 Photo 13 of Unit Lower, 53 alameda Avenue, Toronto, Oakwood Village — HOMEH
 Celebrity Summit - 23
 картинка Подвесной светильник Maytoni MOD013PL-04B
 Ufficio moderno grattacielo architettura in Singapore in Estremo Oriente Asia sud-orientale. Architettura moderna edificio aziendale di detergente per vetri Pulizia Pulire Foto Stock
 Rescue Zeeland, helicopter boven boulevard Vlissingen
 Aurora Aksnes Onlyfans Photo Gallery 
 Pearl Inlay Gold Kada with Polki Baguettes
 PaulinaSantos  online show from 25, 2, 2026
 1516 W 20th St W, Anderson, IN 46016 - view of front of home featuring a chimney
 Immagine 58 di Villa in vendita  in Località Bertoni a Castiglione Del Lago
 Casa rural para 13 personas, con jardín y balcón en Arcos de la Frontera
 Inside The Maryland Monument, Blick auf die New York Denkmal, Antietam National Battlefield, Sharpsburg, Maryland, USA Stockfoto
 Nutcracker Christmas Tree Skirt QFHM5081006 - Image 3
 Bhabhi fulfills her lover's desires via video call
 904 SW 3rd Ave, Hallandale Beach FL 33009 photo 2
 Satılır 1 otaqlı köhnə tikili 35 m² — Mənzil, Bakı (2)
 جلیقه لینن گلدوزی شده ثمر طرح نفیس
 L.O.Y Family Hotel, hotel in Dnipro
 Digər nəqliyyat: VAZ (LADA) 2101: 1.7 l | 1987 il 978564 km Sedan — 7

+---+

§ **ACTION ITEM**: Write out exactly the lines from the one containing "904 SW 3rd Ave, Hallandale" through the end of the data, both included. Add nothing else.

§ **TASK ANSWER**:
 904 SW 3rd Ave, Hallandale Beach FL 33009 photo 2
 Satılır 1 otaqlı köhnə tikili 35 m² — Mənzil, Bakı (2)
 جلیقه لینن گلدوزی شده ثمر طرح نفیس
 L.O.Y Family Hotel, hotel in Dnipro
 Digər nəqliyyat: VAZ (LADA) 2101: 1.7 l | 1987 il 978564 km Sedan — 7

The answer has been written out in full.